- Flag Coat of arms
- Interactive map of Gmina Godów
- Coordinates (Godów): 49°56′N 18°29′E﻿ / ﻿49.933°N 18.483°E
- Country: Poland
- Voivodeship: Silesian
- County: Wodzisław
- Seat: Godów

Government
- • Mayor: Mariusz Adam Adamczyk

Area
- • Total: 37.97 km^{2} (14.66 sq mi)

Population (2019-06-30)
- • Total: 13,758
- • Density: 362.3/km^{2} (938.5/sq mi)
- Website: https://www.godow.pl/

= Gmina Godów =

Gmina Godów is a rural gmina (administrative district) in Wodzisław County, Silesian Voivodeship, in southern Poland. Its seat is the village of Godów.
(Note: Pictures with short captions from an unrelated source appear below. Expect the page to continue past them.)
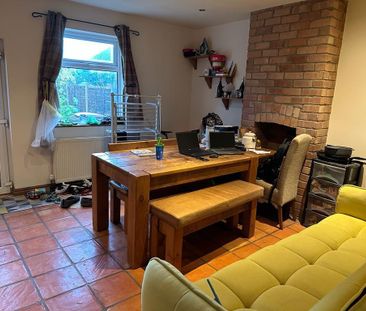 2 bedroom semi-detached house to rent - Photo 6
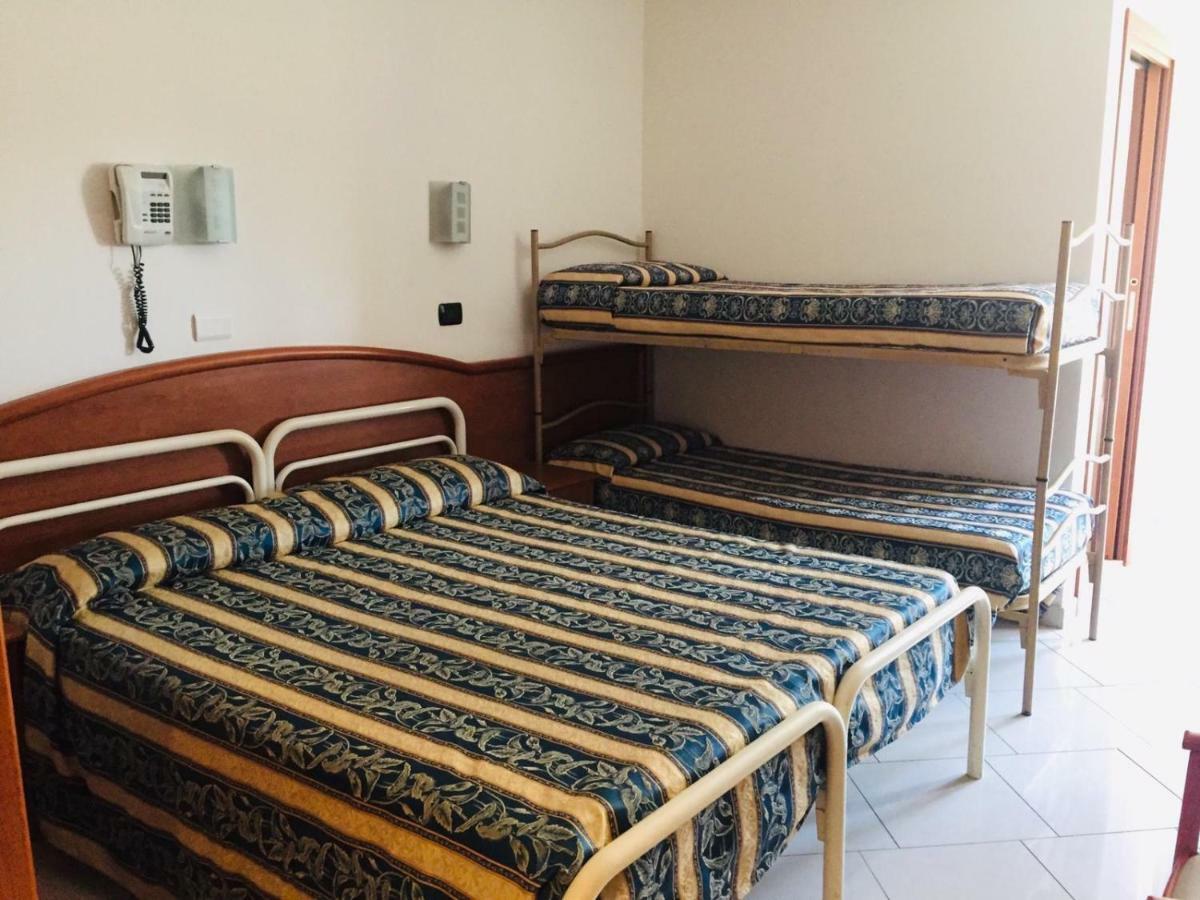 Hotel Villa Linda - Family Hotel - Nuova Costruzione Antisismica ريتشوني المظهر الخارجي الصورة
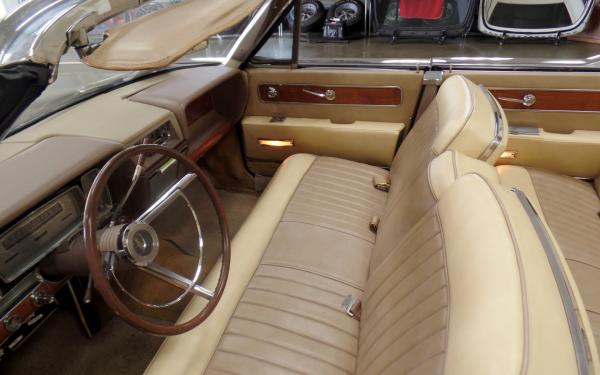 1962 Lincoln Continental Suicide door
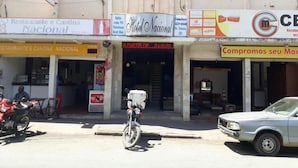 Un bâtiment sur lequel on peut lire l’inscription « Hôtel Nacional », avec une moto garée devant.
The gmina covers an area of 37.97 km2, and as of 2019, its total population was 13,758.

==Villages==
The gmina contains the villages of Godów, Gołkowice, Krostoszowice, Łaziska, Podbucze, Skrbeńsko and Skrzyszów.

==Neighbouring gminas==
Gmina Godów is bordered by the gminas of Gorzyce, Jastrzębie-Zdrój, Mszana and Wodzisław Śląski. It also borders the Czech Republic.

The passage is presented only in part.